Telling the intimate life of Maurice “Mom” Boucher, former warrior leader of the Hells Angels, does not interest the author Luc Dionne, who is currently working on a miniseries about the two trials of the Montreal kingpin, around twenty years ago of years.
“No, there is no question of hiring an actor to play Mom Boucher. That’s not the story. What I want to tell is what happened in the investigation centers and within the Carcajou squad. And let’s say these weren’t places where Mom Boucher went to have coffee,” explains screenwriter Luc Dionne on the line.
In fact, this six-episode television series, intended for Videotron’s Club illico and produced by Fabienne Larouche, of Aetios, will focus on a very specific period in the history of Quebec’s most famous bandit: that between his acquittal of the murders of two prison guards in November 1998, and his indictment for the same crimes in May 2002.
“At that time, everything was crashing everywhere in Montreal and the heat was rising in the prisons,” remembers Luc Dionne, whose series will revolve around three pivotal characters in the biker war, namely the investigator (inspired by the ex-police officer Guy Ouellette), the Crown prosecutor (France Charbonneau, appointed judge in 2004) and the informer (Stéphane “Godasse” Gagné).
The series will expose how these three protagonists were essential in the conviction of the former Hells Angel, who died in July 2022 at the Archambault penitentiary in Sainte-Anne-des-Plaines, north of Montreal. The Sorel gangster died of throat cancer at the age of 69.
So, yes, the shadow of Mom Boucher will hover over the six episodes, without necessarily monopolizing all the light.
Understand: this is not a “biopic” about the rise – and fall – of the ex-biker within a powerful criminal organization.

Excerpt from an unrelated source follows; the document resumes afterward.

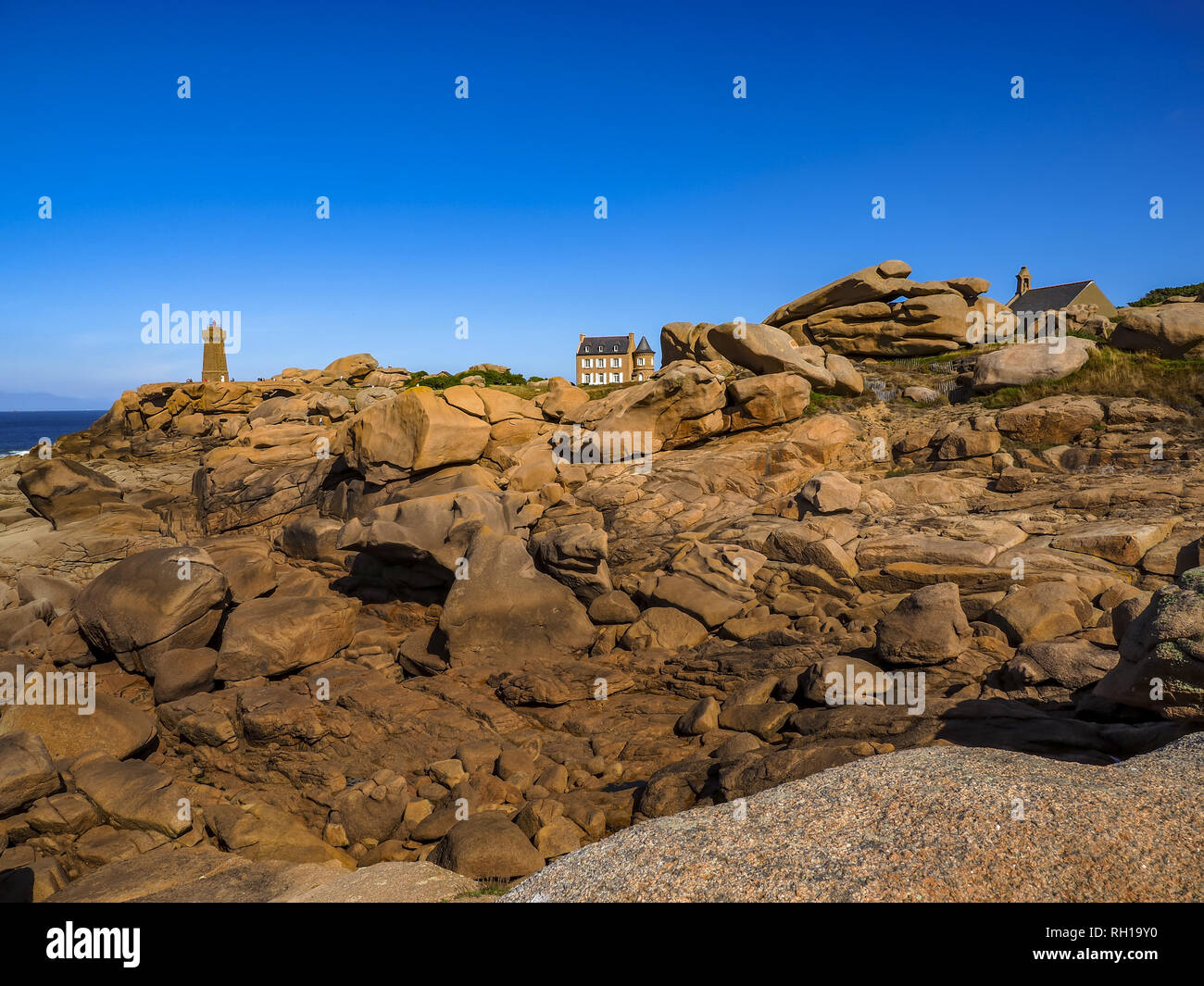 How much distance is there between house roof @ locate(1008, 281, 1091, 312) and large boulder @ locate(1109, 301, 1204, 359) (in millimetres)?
25834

And there is no question of glamorizing the life of this man, who triggered Canada’s deadliest conflict.
“It’s not a documentary that we’re making, either,” explains Luc Dionne.
No actor or director has yet been attached to this project, which was launched last week by Club illico.

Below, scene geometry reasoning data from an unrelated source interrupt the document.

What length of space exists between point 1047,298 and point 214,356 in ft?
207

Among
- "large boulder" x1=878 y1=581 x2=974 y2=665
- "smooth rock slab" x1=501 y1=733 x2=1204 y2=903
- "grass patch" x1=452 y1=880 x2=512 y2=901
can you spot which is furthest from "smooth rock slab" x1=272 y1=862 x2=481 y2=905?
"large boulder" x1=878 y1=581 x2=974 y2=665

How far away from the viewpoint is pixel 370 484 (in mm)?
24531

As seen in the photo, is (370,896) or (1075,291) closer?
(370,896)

The moment that most marked the collective imagination remains the triumphant exit from the Montreal courthouse of Mom Boucher, in November 1998, free, smiling and surrounded by members of her gang. He had just been acquitted by a jury of the murders of Diane Lavigne and Pierre Rondeau, two correctional officers from Bordeaux and Rivière-des-Prairies shot dead a year earlier.
The hitman Stéphane “Godasse” Gagné, the assassin of Diane Lavigne, turned his coat around, and it was his testimony that allowed Mom Boucher to be sent behind bars for life. A star informer, Gagné was granted day parole in March 2023, and he lives under a secret identity.
Luc Dionne knows this world of police officers, lawyers and bandits very well. He explored it in Omertà, The last chapter And District 31. One of his best friends is Guy Ouellette, a former Sûreté du Québec police officer and member of the elite Carcajou cell, formed to neutralize bikers in the mid-1990s.
“Guy Ouellette has a phenomenal memory. I’ve known him for 30 years,” says Luc Dionne.
Since the end of District 31, in April 2022, Luc Dionne did not contemplate the void, let’s say. The 63-year-old screenwriter also completed the first 12 hours of his annual series DPCP for Radio-Canada, planned in the September 2024 schedule, in theory.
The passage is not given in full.